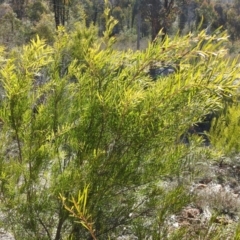 Unidentified Wattle at Carwoola, NSW - 22 Aug 2021 by Liam.m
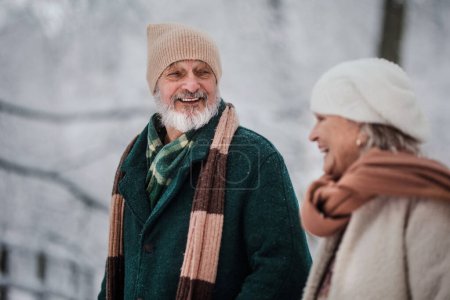 Photo for Close-up of elegant senior man walking with his wife in the snowy park, during cold winter snowy day. Elderly couple spending winter vacation in the mountains. Wintry landscape. - Royalty Free Image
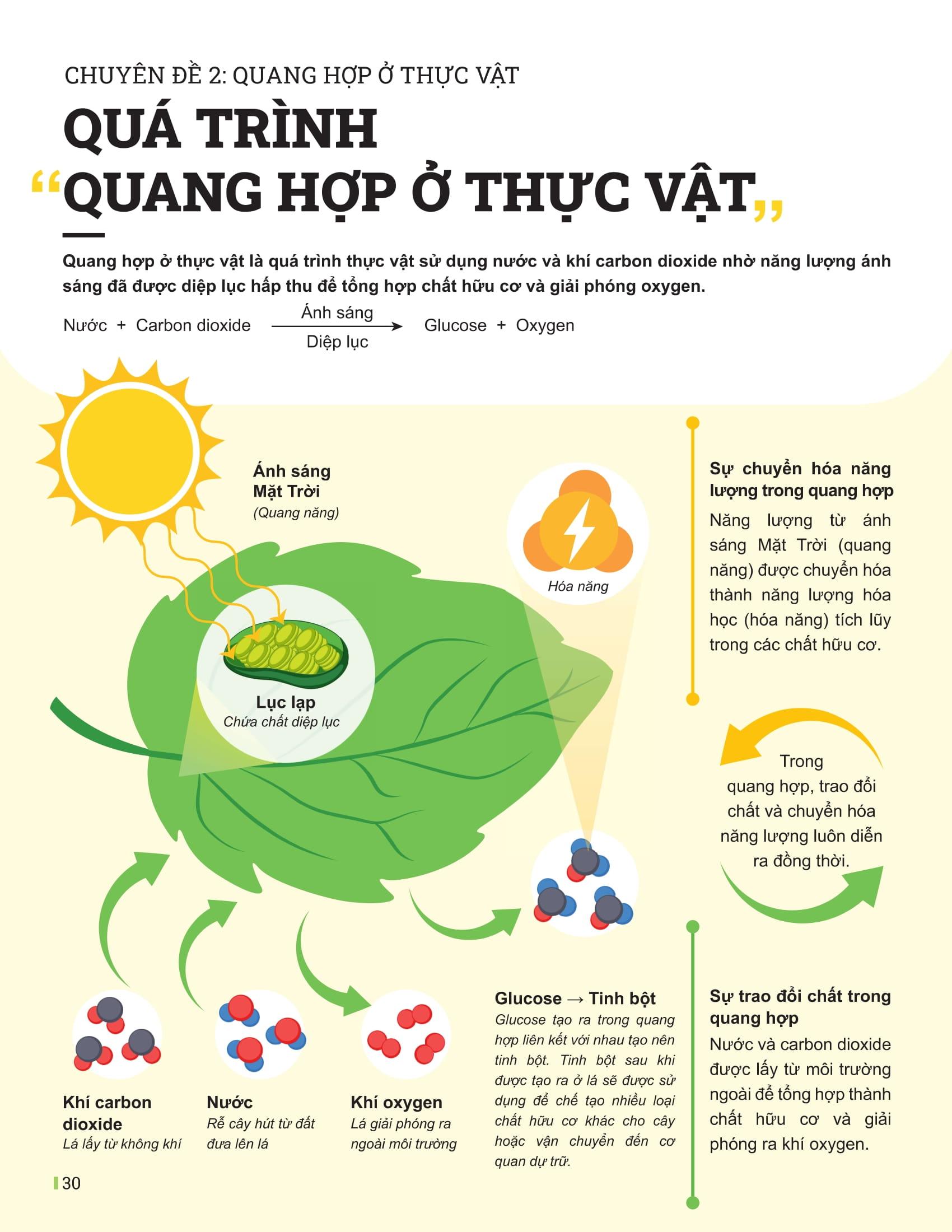 Sách - Đột Phá Tư Duy Khoa Học Tự Nhiên 7 - Tập 2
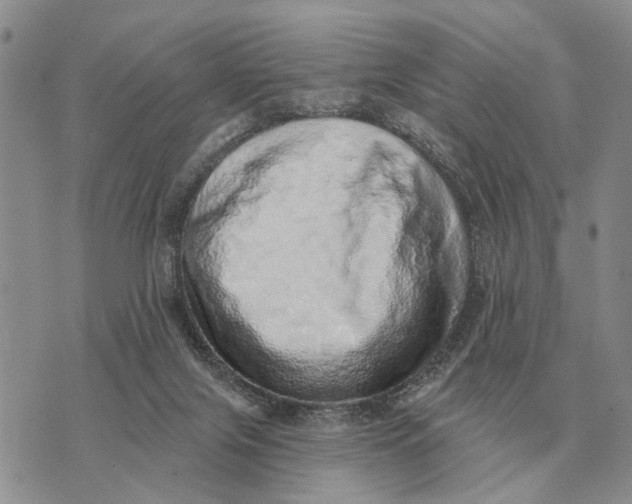 X0000072980071200608111752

What to work on: Starting at the line that contains "Photo for Close-up", retype each line through the final one in the listing, with both ends kept and the pictures omitted.

Response for this exercise:
 Photo for Close-up of elegant senior man walking with his wife in the snowy park, during cold winter snowy day. Elderly couple spending winter vacation in the mountains. Wintry landscape. - Royalty Free Image
 Sách - Đột Phá Tư Duy Khoa Học Tự Nhiên 7 - Tập 2
 X0000072980071200608111752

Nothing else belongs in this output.